Our visit to Scotland was primarily for research, so in this entry we re-focus on the actual work.
Collecting public surveys is not an easy task. It takes a lot of initiative, a bit of “chutzpa” (a slightly unsatisfying Merriam-Webster definition is “supreme self-confidence: NERVE, GALL”), patience and determination. And more important than anything else, one needs research assistants that have all of these characteristics when the primary researcher has naught. Take note of this and be sure to include funding for research assistants – preferably based locally – when writing a research grant for survey-based research. Accordingly, this research trip was successful primarily due to the extraordinary work of Rachel (from the Cairngorms) and Roy (from just about everywhere else), who hit the ground running and who reached our lower goal of 200 completed surveys within 2.5 days. Being from the area, Rachel’s added advantage was that she knows the local social and ecological terrain. Jan was also particularly adept at this type of research.
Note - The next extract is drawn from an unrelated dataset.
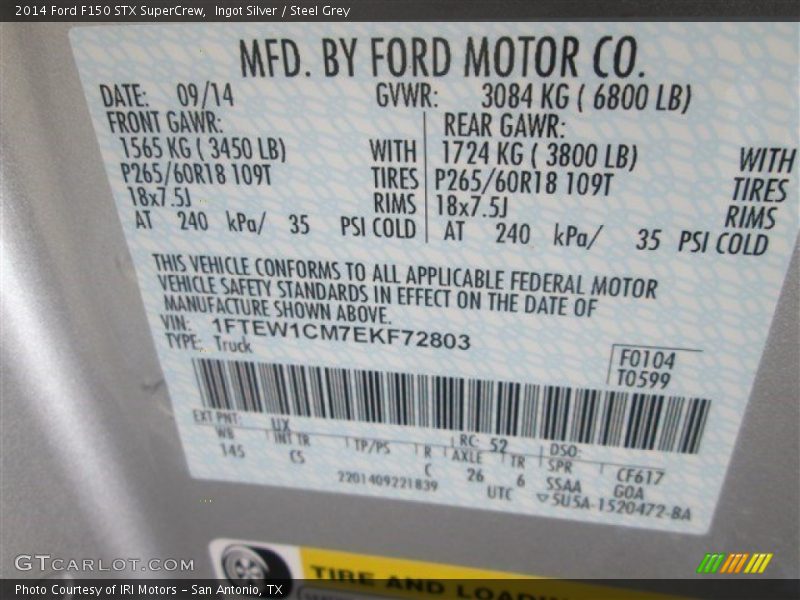 Ingot Silver / Steel Grey 2014 Ford F150 STX SuperCrew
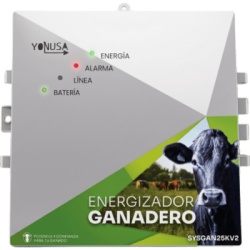 YONUSA SYSGAN25KV2 Energizador Ganadero / 10,000 Volts / 0.2 a 5.0 Joules Ajustable / 25 km Lineales / Alimentación 90-260 Vca y 12 Vcd / Panel Solar / NEMA 2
Often people don’t like to be bothered (certainly not for 15-20 minutes) by filling out surveys. We overheard some respondents complaining that it was like going back to school. People are on vacation. People are busy at work. We offer some tips we’ve learned for successful survey collection:
- Target people who are “loitering” and look like they want something to do. On a rainy day, we went to an indoor play-park where Roy got a dozen parents to fill out surveys, while their kids jumped on the play castle and played games. Also on a rainy day, Roy went through a campground, where campers’ plans for outdoor activities were delayed. Many other respondents were caught waiting for buses or sitting in the park. Despite my premonitions, some people were happy to do the surveys.
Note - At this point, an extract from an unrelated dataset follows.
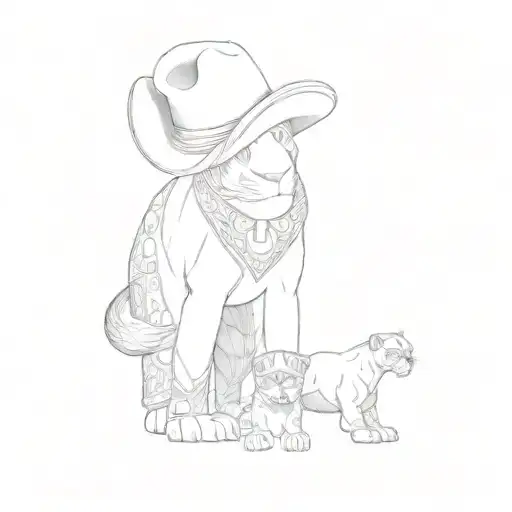 The Sheppard Is Wearing A Big Sombrero Hat And The Panthers Are Black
- Leave surveys with store owners to be filled out during the “dead periods” of their business day. Pick them up the next day. Rachel and Roy got dozens of completed surveys this way.
- Ask enthusiastic locals to “spread the word” by having their friends fill them out as well. A wonderful and talkative bookstore owner was a great advocate for our research goals. (But beware of generating responses from clusters of like-minded individuals.)
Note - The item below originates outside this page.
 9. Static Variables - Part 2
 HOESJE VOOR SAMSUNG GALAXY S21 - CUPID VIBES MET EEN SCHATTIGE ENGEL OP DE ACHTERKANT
- Special effort will have to be made to get specific groups. For instance, we did not have access to farmers and foresters – two very important stakeholder groups. So I hired another research assistant who had access to these groups, and she will be supplementing our surveys with additional surveys from farmers.
- Hire research assistants who are adept at doing what you yourself cannot do… Did I already say that?
The other means of data collection
While I didn’t formally organize interviews ahead of time as I have done in my parallel research in Israel, some of the best bits of knowledge were gathered through conversations with various stakeholders. Considering that I prefer this type of social contact – all the more reason to include it! Some people have a surprisingly good grasp of our research intent, and have equally good and challenging questions.
Ann of Balliefurth farm asked us during dinner an important and insightful question: How do we “weight” the opinion of particular respondents in the survey results when it is clear that some respondents have years of accumulated knowledge on the subject and some have almost no idea what we are talking about. We don’t weight our answers, and her concerns are well founded. Indeed some survey respondents obviously have far greater depth of knowledge regarding particular subjects, yet in a survey, their responses are simply added to the pile. Their accumulated knowledge is given no more weight than, for example, a tourist unfamiliar with local environment or a store owner whose concerns and knowledge lie elsewhere. However, some of these characteristics (years of education, length of time living in the Cairngorms, occupation) may turn out to be important independent variables once we get the data analyzed…
A particularly precocious high-school student working in a boat rental shop had many comments for me when I came to pick up her completed survey. “You know, this is a good way to get people thinking about the environment,” she noted. With a half-smile, I concurred with her. She was on to me: my understanding of ecosystem services is indeed that, aside from being a scientific concept, it is a tool for teaching the public about the importance of protecting the natural environment. By extension, this research is not only for learning, but also for teaching. A bit of advocacy science, which is acceptable so long as I’m explicit about it!
Many survey respondents wanted to know what the research was for, who was funding it, why were we coming from Israel to research in Scotland, and what were the policy implications of our research. Continuing the conversation with them was always rewarding insofar as we could gain further insights into people’s concerns, interests and opinions.